第一卷 青梅竹马如何一步步成为肉便器的 第5章(2/2)
没有剧烈的快感,只有一种深沉的疲惫和生理释放后的虚空感。
他呆呆地看着自己沾满精液的手,又看了看屏幕上定格的黑暗。
对于夏美那张在高潮和昏厥边缘露出的“幸福”表情,他心中竟已掀不起多少波澜。
看视频的动力,似乎真的只剩下一种病态的、想知道“接下来发生了什么”的惯性。
他木然地起身,走进浴室冲洗。
温热的水流冲刷着身体,带走粘腻,却带不走心底那沉甸甸的麻木。
窗外,上海的霓虹灯光怪陆离地闪烁着,映照着这个繁华又孤独的城市。
阿辉倒在床上,几乎是瞬间,就被连日来的精神冲击、舟车劳顿和那两次消耗性的射精拖入了无梦的昏睡。
次日,朝九晚五的社畜生活如同冰冷的齿轮,将阿辉重新卷入日常的轨道。
办公室的日光灯苍白刺眼,键盘敲击声单调乏味。
他机械地处理着文件,回复着邮件,大脑却像隔着一层毛玻璃,外界的声响模糊不清。
只有偶尔走神时,脑海里才会不受控制地闪过地下室冰冷的墙壁、夏美高高撅起的雪白臀峰、以及王强那根深褐色的凶器缓慢插入粉嫩雏菊的画面……但这些画面也如同褪色的默片,不再能激起剧烈的生理反应,只剩下一种沉滞的、粘稠的异样感。
傍晚,拖着疲惫的身体回到公寓。
随便煮了碗泡面解决晚餐。
食物的味道寡淡如同嚼蜡。
收拾完碗筷,他再次坐到了巨大的电视机前。
茶几上,那堆U盘像一堆沉默的黑色甲虫。
他挑出了标注着“夏美_010_OutdoorExposure_1.mp4”的那一枚。

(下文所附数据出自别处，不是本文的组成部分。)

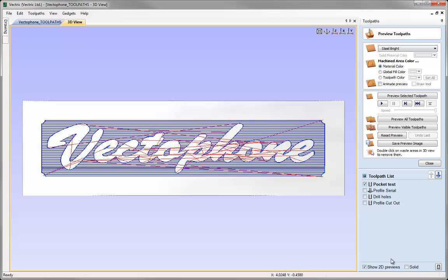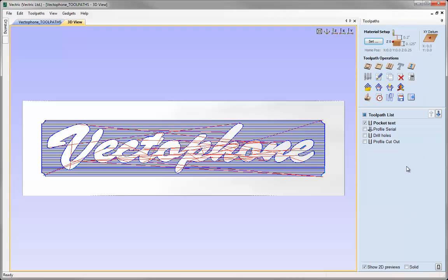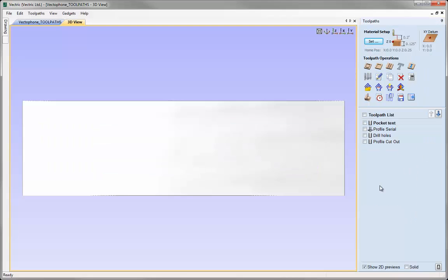As is the default in the software, whenever a toolpath has been calculated, the software automatically opens the Preview Toolpath form at the top here and also puts us into the 3D view because that's where the previewing will take place. The other way to get into the Preview Toolpaths form without calculating is to click on the icon here, which is the first one on the last row of toolpath icons.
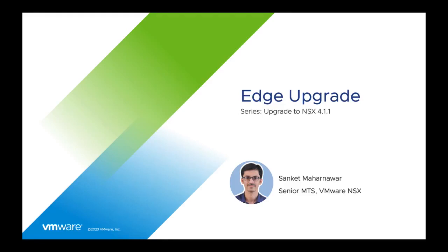Welcome to NSX Upgrade Series. In this video, we will guide you through the process of NSX Edge Upgrade. Hi, this is Sanket Maharnabhar, Senior Member of Technical Staff at VMware. So let's get started.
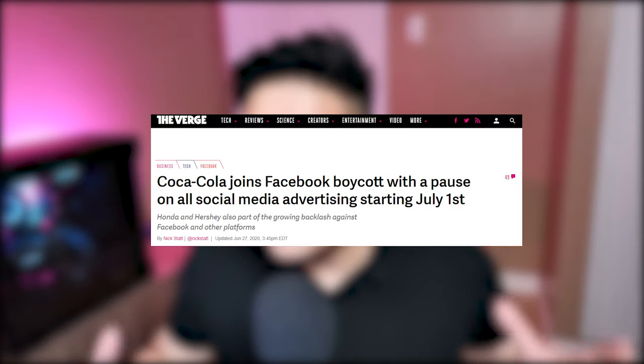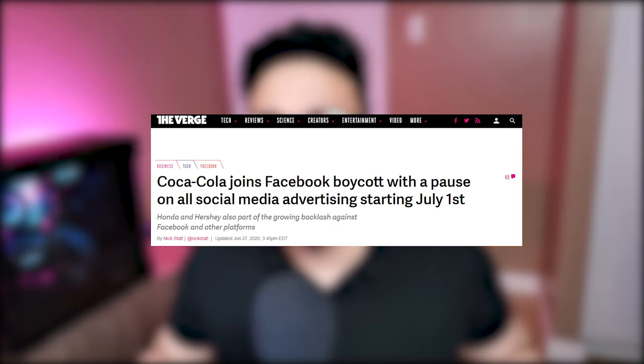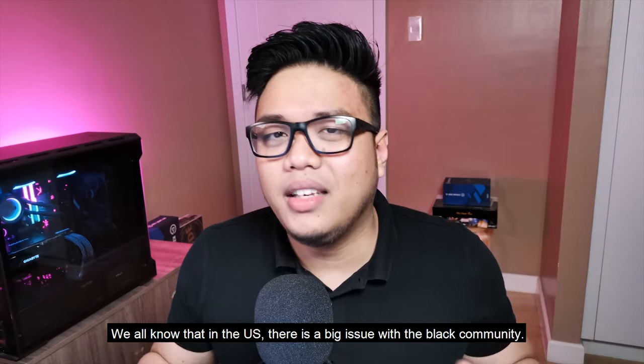I'm not sure if you're familiar with it, but this July, may nangyari kasi. There are big advertisers — one of the biggest ones are Coke — have boycotted the Facebook platform because they believe that the Facebook platform is being used as a platform for spreading hate. Alam naman natin that in the US, may malaking issue with the black community. And in fact, Facebook has already been under pressure for quite some time for spreading fake news and also helping spread dangerous non-factual content.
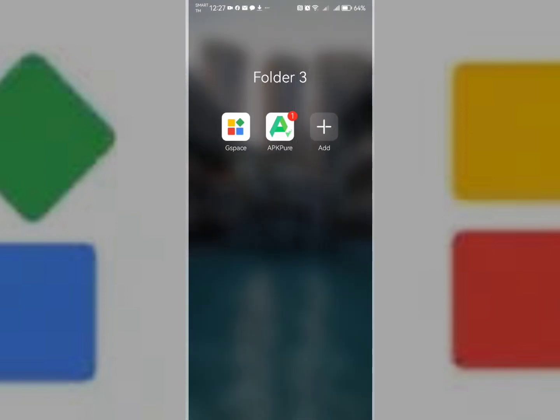First, Gspace. Gspace can be installed from Huawei Store. You can simply search Gspace and install it.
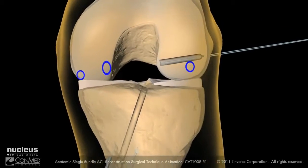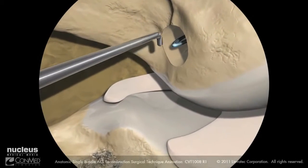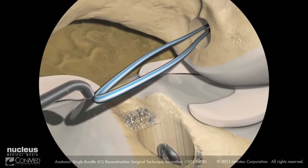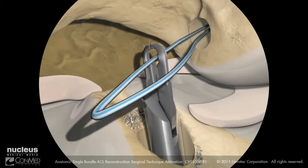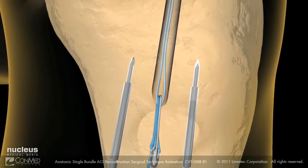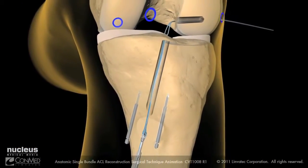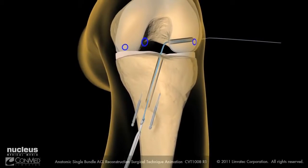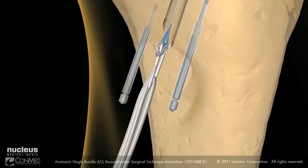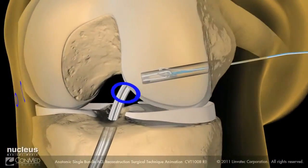Place a probe into the accessory anteromedial portal to bring the loop of the suture into the joint. Retrieve the loop through the tibial tunnel using suture retrieval forceps. With the suture loop exposed externally, load the suture strands of the exo-button loaded graft into the passing suture loop and pull them through the femoral tunnel, making sure to keep the graft construct outside of the tibia. Pull the exo-button loaded graft into the joint and through the femur while hyperflexing and elevating the knee to ease the graft passage.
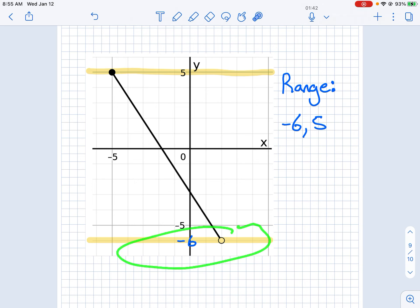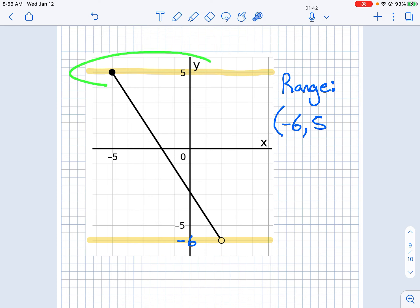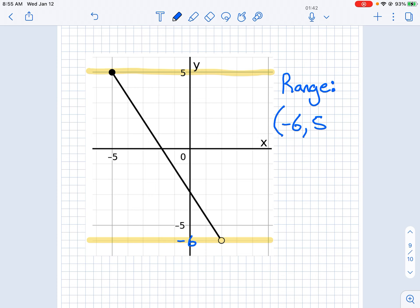Because this is an empty circle, the negative 6 is going to be a parenthesis. And because this is a solid dot, that's going to be a bracket. So your range is from negative 6 to positive 5.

画面亮起,场景终于不再是那个阴森的地下室,而是阿辉熟悉的外公家别墅一楼客厅。
时间是白天,阳光透过落地窗洒在光洁的木地板上。
夏美全身赤裸地站在客厅中央,只有脚上穿着一双干净的白色短袜。
她微微低着头,双手有些紧张地交叠在小腹前,茶色的长发垂在肩头。
雪白的肌肤在阳光下仿佛透明,饱满的D罩杯双乳骄傲地挺立着,粉嫩的乳尖微微硬挺。
纤细的腰肢下,双腿并拢处,那片光洁无毛的粉色花园安静地闭合着。
外公站在她面前,手里拿着两根东西。
那是两根极其粗壮、表面布满狰狞颗粒的硅胶假阳具!尺寸远超之前训练使用的任何器具,如同两根短小的狼牙棒,散发着冰冷而淫邪的气息。
外公将这两根假阳具递给夏美。
夏美接过,小手甚至无法完全握住那粗壮的根部。
她的脸色有些发白,眼神里带着一丝畏惧,但更多的是决心。
她深吸一口气,分开双腿,微微蹲下。
首先,她将那根稍细一些(但也极其骇人)的假阳具,涂满了粘稠的润滑剂,颤抖着对准自己双腿间那粉嫩娇小的蜜穴入口。
她咬着下唇,眉头紧蹙,一点点、极其艰难地将那巨大的龟头向里推进。
“呃…!”她发出一声压抑的痛呼,额角瞬间渗出细密的汗珠。
粉嫩的阴唇被撑开到极限,传来强烈的撕裂感。
她停顿了一下,调整呼吸,再次用力!
“嘶啊——!”伴随着一声短促的惨叫,那根粗壮的假阳具终于被艰难地、强行塞入了她紧窄的蜜穴深处!
夏美大口喘着气,双腿都在颤抖,蜜穴入口处甚至渗出了一丝鲜红的血丝,混合着润滑液,沿着她雪白的大腿内侧缓缓流下。
肛门是更大的挑战。
夏美再次涂抹了大量的润滑剂,对准那朵刚刚被开发不久、依旧娇嫩的雏菊。
她跪趴下来,臀部高高撅起,用手指艰难地撑开那紧致的皱褶,将另一根更加粗壮、颗粒更加凸起的假阳具,对准入口,一点一点、拼尽全力地向内推进。
“呜…!主人…好疼…好胀…!”夏美痛得眼泪直流,身体剧烈颤抖,光洁的膝盖在冰凉的地板上不安地磨蹭着。
肛门被撑开到极限,甚至能听到细微的、如同布帛撕裂般的声音!
鲜血混合着润滑液,从被强行撑开的肛门口渗出,染红了假阳具的根部,在她臀缝间留下刺目的红痕。
两根恐怖的凶器终于被完全插入。
夏美瘫坐在地上,浑身被汗水湿透,脸色苍白,大口地喘着粗气,身体因疼痛和异物感而微微抽搐。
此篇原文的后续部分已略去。